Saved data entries
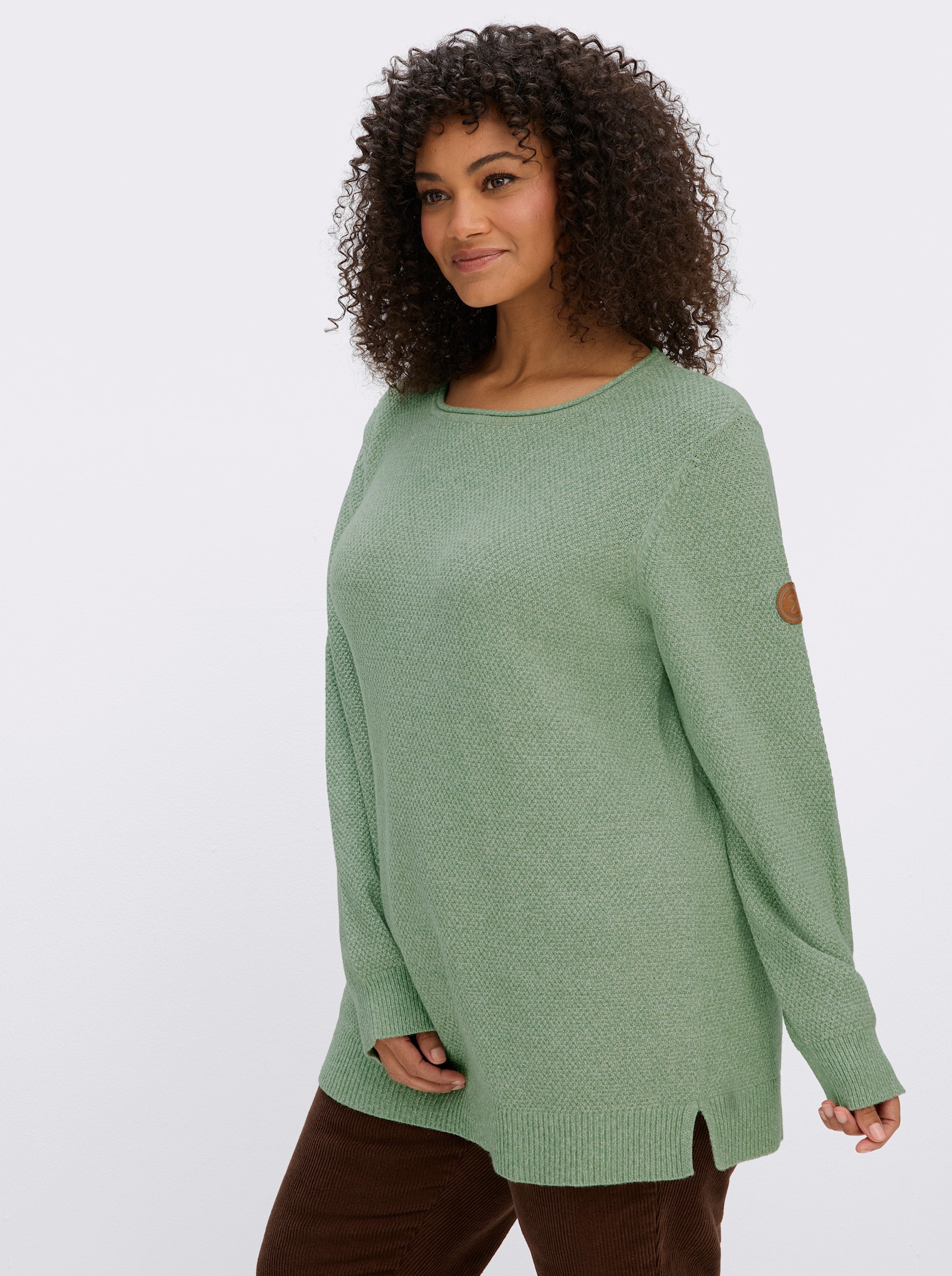 sheego Langarm-Pullover im soften Strukturstrick - eucalyptus-meliert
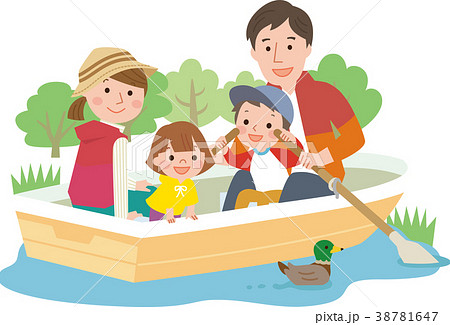 ボート遊び家族のイラスト素材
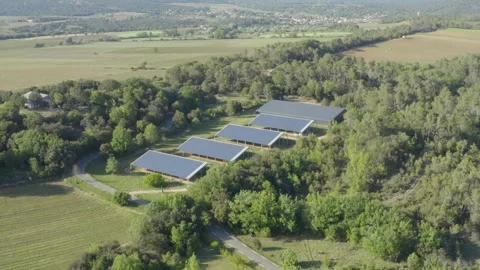 Aerial shot approaching a solar panel farm in a forest in the countryside Stock Footage 240983860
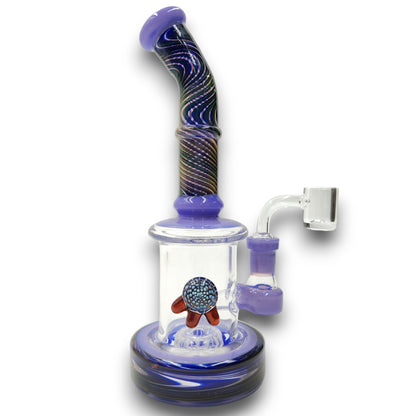 9" Circ Perc Colored Angle Mouth Dab Rig Bong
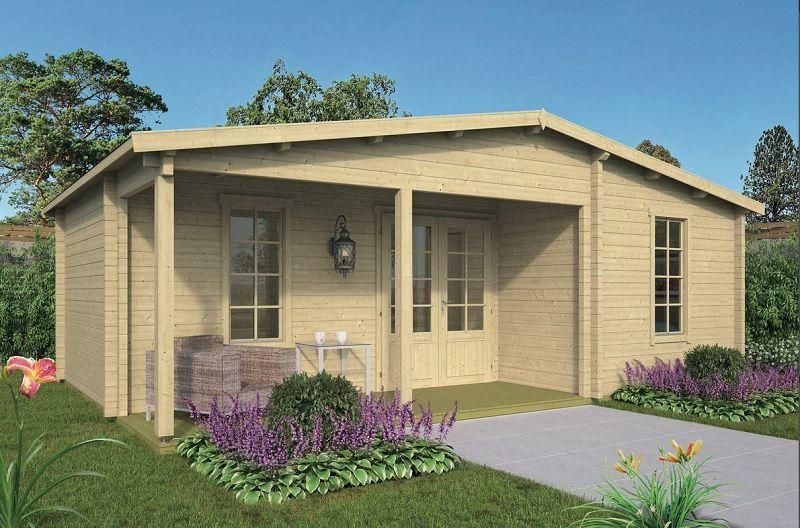Gartenhaus / Ferienhaus Ollie 7.31 x 4.98m in 70mm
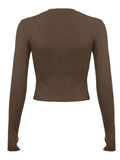 Basic Solid Long Sleeve Crop Top- Outfit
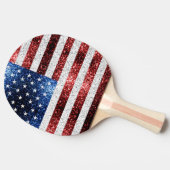 USA Flaggen Rot-Blau-Glitzern Glitzern Tischtennis Schläger (Seitenansicht)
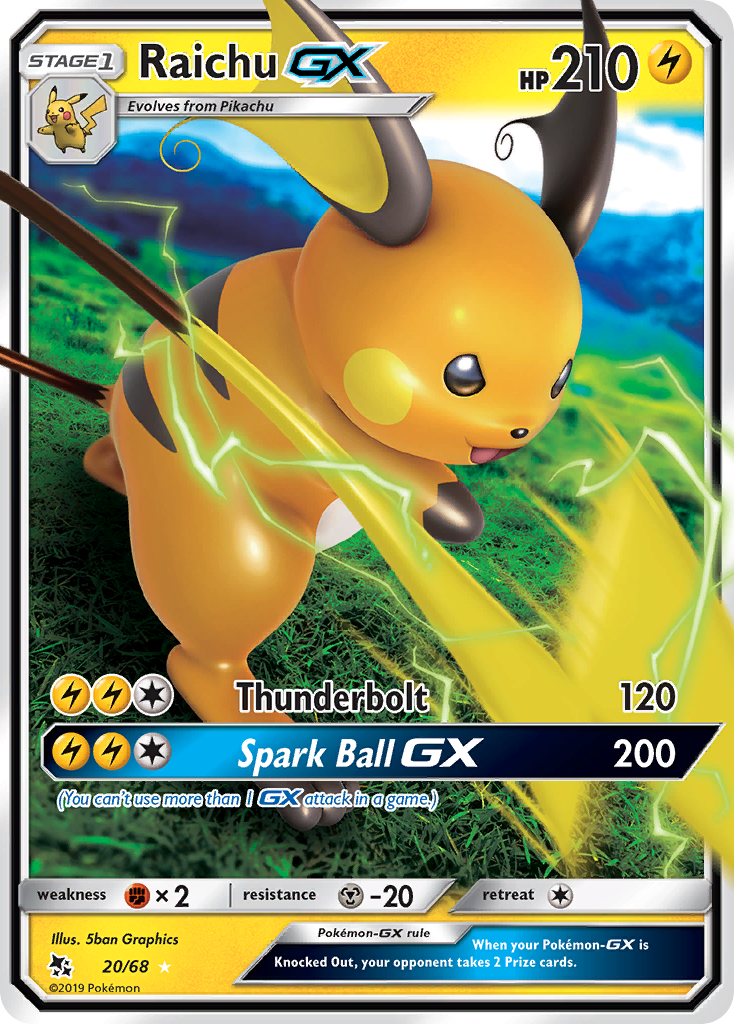 Raichu GX (20/68) [Sun & Moon: Hidden Fates] | Mega City Incorporated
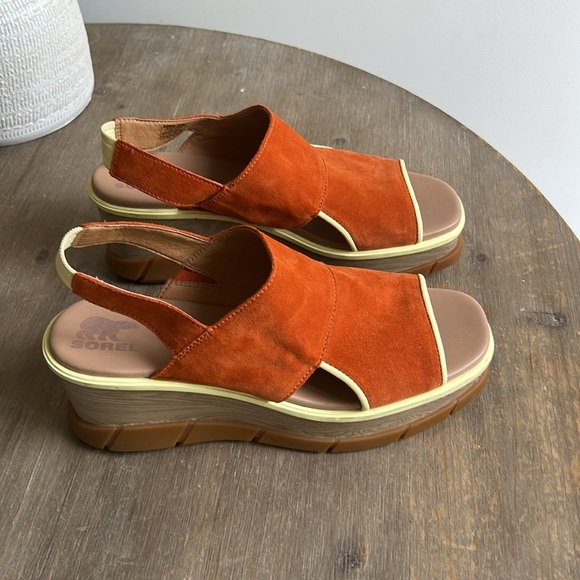 Sorel Joanie III Desert Sun Suede Wedge Platform Comfort Sling Back Sandals - Picture 14 of 17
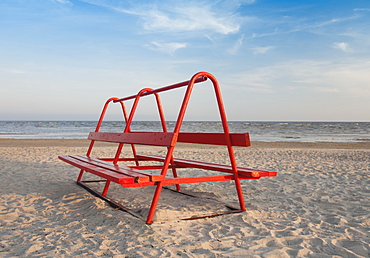 Red Park Bench on the Beach, Estonia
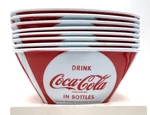 8 Gibson Everyday Coca Cola Coke Melamine Square Cereal Dessert Set. Fixed Price $45.00.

Problem details:
Transcribe the lines above exactly, beginning at the one with "Gartenhaus / Ferienhaus" and ending at the one with "Raichu GX (20/68)". Include both; exclude the pictures.

Response to this task:
Gartenhaus / Ferienhaus Ollie 7.31 x 4.98m in 70mm
 Basic Solid Long Sleeve Crop Top- Outfit
 USA Flaggen Rot-Blau-Glitzern Glitzern Tischtennis Schläger (Seitenansicht)
 Raichu GX (20/68) [Sun & Moon: Hidden Fates] | Mega City Incorporated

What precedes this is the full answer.